Study on the relationship between structure and taste activity of the umami peptide of Stropharia rugosoannulata prepared by ultrasound

Abstract

Through virtual screening, electronic tongue verification, and molecular docking technology, the structure-taste activity relationship of 47 kinds of umami peptides (octapeptide - undecapeptide) from Stropharia rugosoannulata prepared by simultaneous ultrasonic-assisted directional enzymatic hydrolysis was analyzed. The umami peptides of S.rugosoannulata can form hydrogen bond interaction and electrostatic interaction with umami receptors T1R1/T1R3. The amino acid residues at the peptides' N-terminal and C-terminal play a vital role in binding with the receptors to form a stable complex.

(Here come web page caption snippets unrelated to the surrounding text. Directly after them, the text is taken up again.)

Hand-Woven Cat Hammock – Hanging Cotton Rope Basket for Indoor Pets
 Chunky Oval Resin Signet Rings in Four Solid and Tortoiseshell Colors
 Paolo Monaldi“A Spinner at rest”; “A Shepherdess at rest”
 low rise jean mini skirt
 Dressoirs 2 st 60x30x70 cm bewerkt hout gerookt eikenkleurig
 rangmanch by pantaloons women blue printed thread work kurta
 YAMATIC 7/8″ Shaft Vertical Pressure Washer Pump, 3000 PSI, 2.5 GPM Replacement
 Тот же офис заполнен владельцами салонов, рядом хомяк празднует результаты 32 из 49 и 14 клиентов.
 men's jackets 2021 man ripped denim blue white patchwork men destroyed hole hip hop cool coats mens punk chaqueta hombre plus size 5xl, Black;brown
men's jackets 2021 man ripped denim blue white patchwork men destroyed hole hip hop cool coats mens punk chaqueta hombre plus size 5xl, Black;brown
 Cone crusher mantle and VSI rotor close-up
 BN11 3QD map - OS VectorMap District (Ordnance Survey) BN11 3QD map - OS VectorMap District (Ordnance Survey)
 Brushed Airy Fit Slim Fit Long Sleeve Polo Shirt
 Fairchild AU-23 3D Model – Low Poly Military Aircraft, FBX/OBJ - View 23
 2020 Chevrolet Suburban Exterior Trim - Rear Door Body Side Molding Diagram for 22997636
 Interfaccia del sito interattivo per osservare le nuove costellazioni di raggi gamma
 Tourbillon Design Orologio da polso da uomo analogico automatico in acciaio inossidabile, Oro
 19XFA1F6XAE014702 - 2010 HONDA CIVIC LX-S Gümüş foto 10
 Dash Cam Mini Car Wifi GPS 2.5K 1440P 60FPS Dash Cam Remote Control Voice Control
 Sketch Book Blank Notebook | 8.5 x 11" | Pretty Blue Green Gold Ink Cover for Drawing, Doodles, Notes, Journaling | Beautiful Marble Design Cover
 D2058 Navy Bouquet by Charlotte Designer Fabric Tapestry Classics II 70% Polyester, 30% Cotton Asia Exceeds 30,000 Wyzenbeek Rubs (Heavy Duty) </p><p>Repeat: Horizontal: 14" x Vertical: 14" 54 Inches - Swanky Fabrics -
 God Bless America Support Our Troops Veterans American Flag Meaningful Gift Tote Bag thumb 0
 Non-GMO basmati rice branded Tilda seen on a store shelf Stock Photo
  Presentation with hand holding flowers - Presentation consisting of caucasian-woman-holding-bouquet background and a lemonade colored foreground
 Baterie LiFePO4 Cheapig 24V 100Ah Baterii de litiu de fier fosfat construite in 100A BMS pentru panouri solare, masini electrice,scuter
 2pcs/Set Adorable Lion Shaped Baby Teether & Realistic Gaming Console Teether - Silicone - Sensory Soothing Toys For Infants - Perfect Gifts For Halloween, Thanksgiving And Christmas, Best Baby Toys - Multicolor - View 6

D, E, and R are the primary amino acids in the peptides that easily bind to T1R1/T1R3. The basic amino acid in the peptides is more easily bound to T1R1, and the acidic amino acid is more easily bound to T1R3. The active amino acid sites of the receptors to which the peptides bind account for 42%−65% of the total active amino acid residues in the receptors. ASP147 and ASP219 are the critical amino acid residues for T1R1 to recognize the umami peptides, and ARG64, GLU45, and GLU48 are the critical amino acid residues for T1R3 to recognize the umami peptides. The increase in the variety and quantity of umami peptides is the main reason for improving the umami taste of the substrate prepared by synchronous ultrasound-assisted directional enzymatic hydrolysis. This study provides a theoretical basis for understanding simultaneous ultrasound-assisted directional enzymatic hydrolysis for preparing umami peptides from S.rugosoannulata, enhancing the flavor of umami, and the relationship between peptide structure and taste activity.